We have systematically analyzed the biological functions and downstream signaling pathways associated with target genes of dysregulated tissue miRNAs (Fig. 9). These data suggest that miRNA could play a significant role in the dysfunction and remodeling of vascular endothelial and smooth muscle cells by influencing inflammatory immune processes via the downstream regulation of genes, which could, in turn, contribute to the pathophysiology of aneurysm rupture and aSAH.
Our study has few limitations. Since we included a relatively small number of patients in the validation cohort, we failed to define significant association between miRNA expression and clinical outcome. Further, target mRNA of tissue miRNAs was validated based on functional analysis and we failed to validate these putative miRNA targets in-vivo. An additional limitation is that miRNA microarray profiling can only measure miRNAs that are included in the array and cannot discover new miRNAs.

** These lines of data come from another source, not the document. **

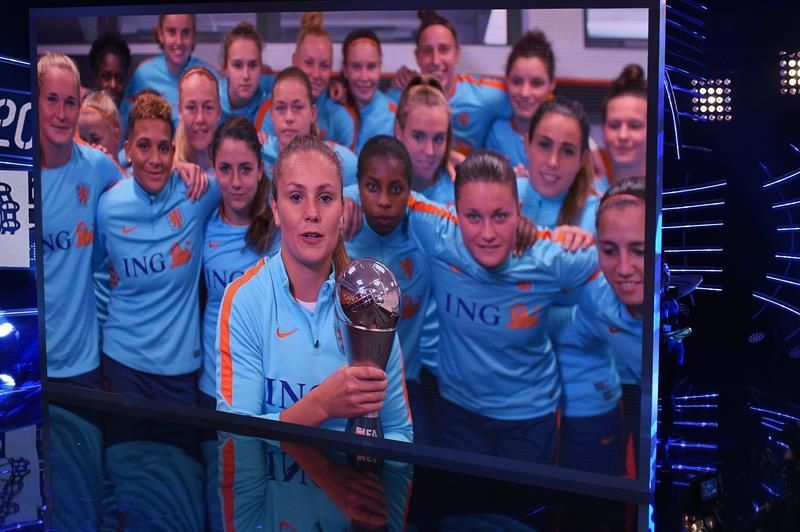 Lieke Martens, del Barcelona, sucede Carli Lloyd como mejor jugadora del año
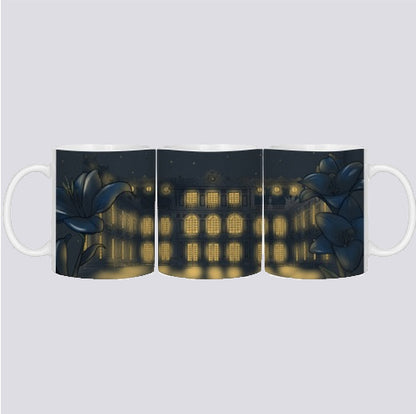 tasse en céramique design par elsa abadie penars. Mug qui passe au lave-vaisselle et au micro ondes. Sur l'extérieur le dessin du château de Versailles de louis 14 en vision de nuit entourée par des fleurs de lys bleues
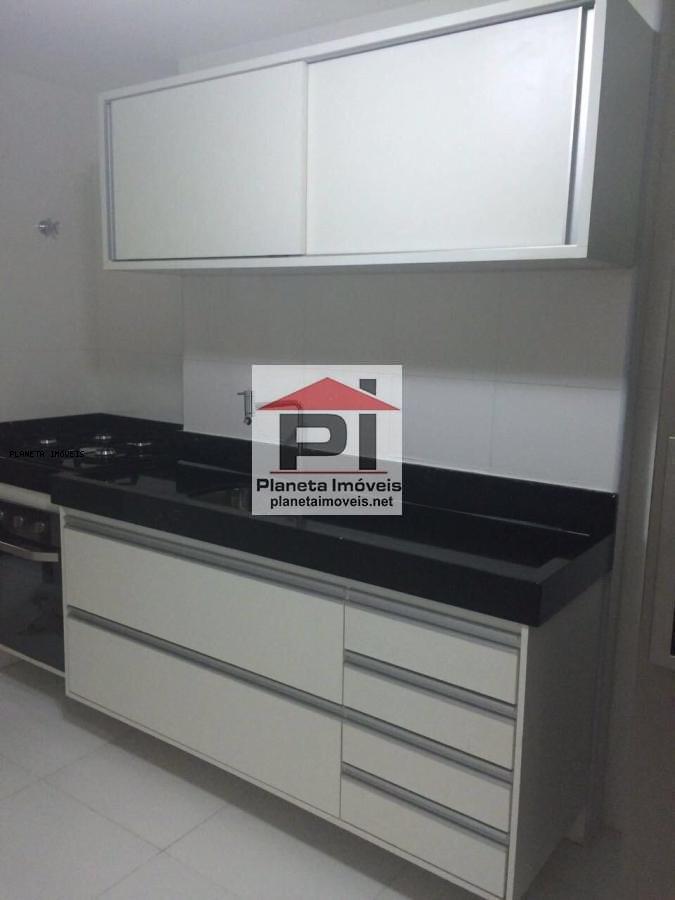 Apartamento à venda com 3 quartos, 107m² - Foto 14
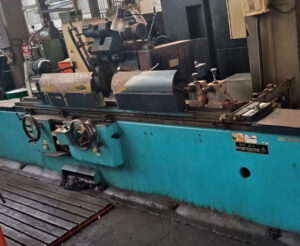 Retífica Cilíndrica TOS Modelo BHU-3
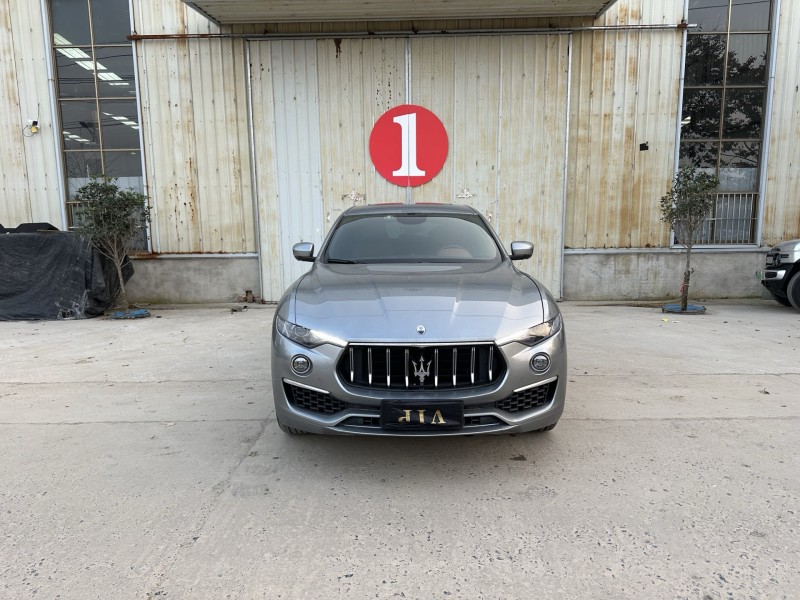 徐州23年玛莎拉蒂Levante1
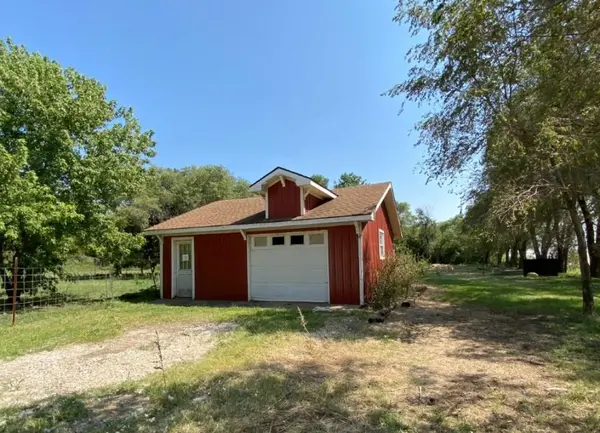 101 E Main ST, Nardin, OK 74646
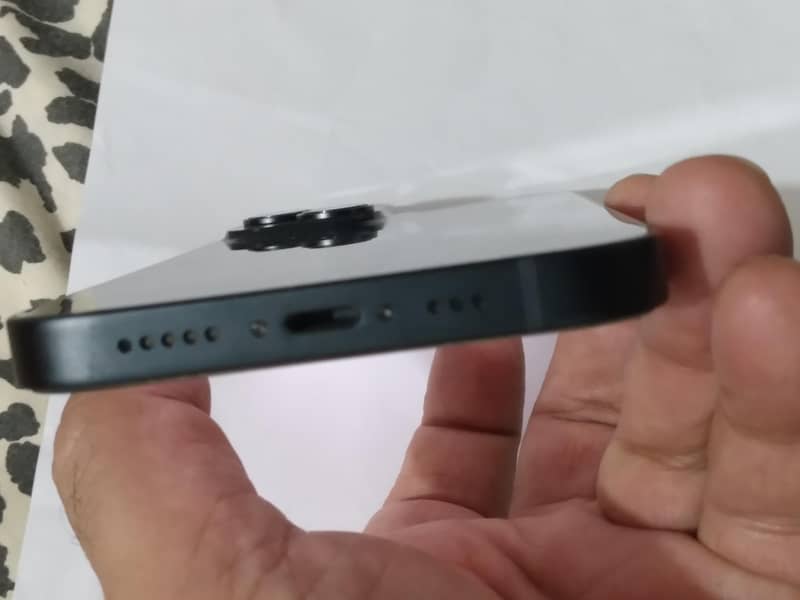 iPhone 14 JV 4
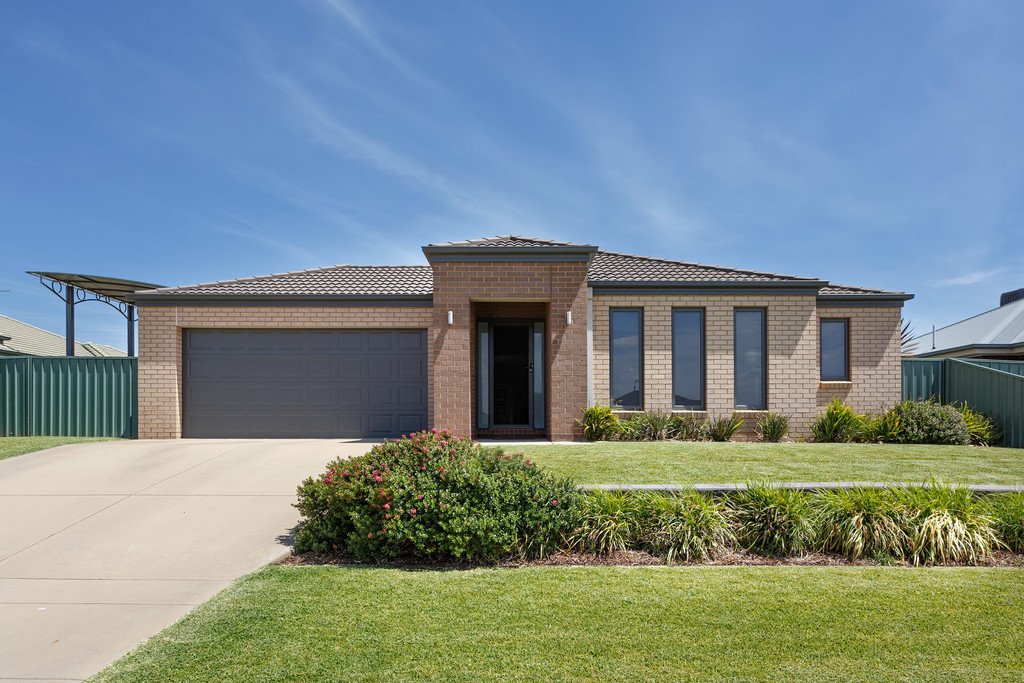 13 Quandong Place FOREST HILL 2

To conclude, this study identified several differentially expressed miRNAs in ruptured intracranial aneurysmal tissue through microarray analysis. Bioinformatic analysis showed that miR-26b, miR-199a, miR-497 and miR-365 which were significantly decreased, modulates genes involved in TGF-β and MAPK signaling, which could potentially influence inflammatory processes, extracellular matrix and vascular smooth muscle cell degradation and apoptosis, and ultimately cause vessel wall degradation and rupture. Further functional validations of the target genes of the dysregulated miRNA are necessary for deciphering their exact role in the progression and rupture of IAs.